A bigger problem would be the arbor size - the standard over here is 30mm - most USA 10in saws have 5/8in (16mm) arbors. The 10in deWalt radial saws we see here have for many years and still do have 5/8in arbors long enough to accommodate a 3/4in wide stacked saw dado head

As to the nanny state, whilst I'm not always keen on the interpretations some people place on the regulations, I have to admit that in general many of the rules we live by here in the UK save lives and reduce serious injuries. Maybe that's because I'm now the responsible individual on about a third of the jobs I go on so I can see things from a different perspective. The fact that I can be fined _personally_ for the misdemeanours of others and even imprisoned _in extremis_ is another stimulus to safe working practices

Regards

Phil


----------



## AndyL (Jun 3, 2011)

Nice to see you back here Phil, your posts are always an education.


----------



## Phil P (Jul 25, 2010)

Thanks, Andy

Regards

Phil


----------



## [email protected] (Nov 25, 2014)

Toolstation sell metric router bits, I have just purchase six of these, four 1/4" shank and two 1/2" shank, braded Silverline.

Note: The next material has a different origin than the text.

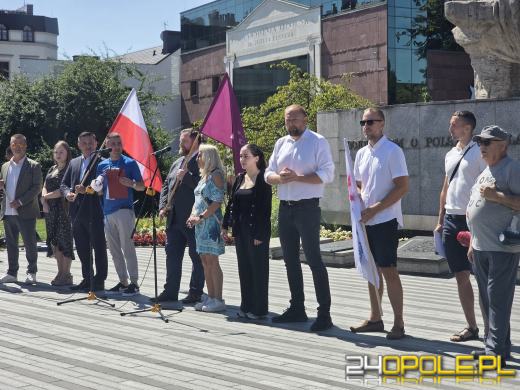 Marsz przeciwko przemocy przeszedł przez Opole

They have stores all over the UK mine being only about ten minutes away and they are inexpensive.
Whether they will last is a differant matter. They need to be kept clean and occasionly sharpened with a diamond stone.

totallyhornby


----------



## Phil P (Jul 25, 2010)

Totallyhornby said:


> braded Silverline


That rings alarm bells for me! Silverline stuff really isn't that good - a lot like Harbor Freight in the USA, but a bit cheaper.  I'd say _caveat emptor_. You have a decent router, the DW625, Martyn, so why not buy some _decent_ router bits for it? I'll recommend Wealden Tool - used them for years, excellent service, reasonable prices, next day delivery and they do metric in 1/4in, 8mm and 1/2in shank sizes. I've tried Silverline - poor quality brazing, not very sharp, break a tad too easily for my liking, bearings not always concentric and the 1/2in worktop cutters they sell tend to "scream" and can burn edges because they don't have sufficient clearance angle (same goes for a lot of the Screwfix 1/2in cutters - except for the Freuds). As I use 15 or more worktop cutters a year that becomes an issue. Very, very variable. But then I'm trade, and a bit picky because my livlihood sort of depends on using reliable kit. BTW no connection to Wealden other than being a satisfied, long term customer for more than 15 years

Regards

Phil


----------



## darsev (Feb 3, 2012)

Phil P said:


> As to the nanny state, whilst I'm not always keen on the interpretations some people place on the regulations, I have to admit that in general many of the rules we live by here in the UK save lives and reduce serious injuries. Maybe that's because I'm now the responsible individual on about a third of the jobs I go on so I can see things from a different perspective. The fact that I can be fined _personally_ for the misdemeanours of others and even imprisoned _in extremis_ is another stimulus to safe working practices
> 
> Regards
> 
> Phil


Phil,

I feel for you. I am out of the workshop and back into IT now, but in Aus the situation is pretty similar. WH&S have an attitude that someone is always responsible for an accident and will just keep going up the management chain until they find someone they can blame, at the same time making stupid rulings. I will always remember the inspection where the workshop was written up for bad housekeeping because there was rubbish on the floor, but overlooked 415V cables lying on the floor where people walked. That sort of thing only inspires cynicism. I hope you don't get caught up in such stupidities for your sake.

Darryl


----------



## Phil P (Jul 25, 2010)

darsev said:


> WH&S have an attitude that someone is always responsible for an accident and will just keep going up the management chain until they find someone they can blame, at the same time making stupid rulings.


Hi Daryll

At times I do wonder about some of the things which go on in the name of health & safety, but on the other hand I have generally had good relationships with the HSE (Health & Safety Exec = our version of OHSA). Personally, I've met very few HSE inspectors who are "jobsworths" (actually only _one_ to date and he was a complete arriss) and in general they tend to only point out really obvious safety things and won't take action if you are willing to take on board the safety implications and do something about it. As it happens on my last inspection we had only a 15 minute chat about minor stuff and nothing more - the guys working on the adjoining site (same building) had a full site tour, an hour being admonished and about 12 pages on notes about their various infractions which were everything from no First Aid kit, no bathroom facilities and no fire extinguishers (they said they shared ours!!!) to nobody on site with a First Aid certificate. There were 5 guys on that job. The HSE red carded them on the spot. 

Most of the time it's simply a case of thinking about the way you are going to set-up a job rather than jumping in and trusting to instinct. Instinct is often flawed, I've found. It's the big companies who hide behind H&S who anger me - they'll say something can't be done _"because of health and safety"_. Most often they are really saying they don't want to do it and are just using H&S as a get out. 

None of this accounts for my dislike of unguarded rio saws, missing riving knives or poor rip fences - training and experience still tells me just how dangerous they can be

Regards

Phil


----------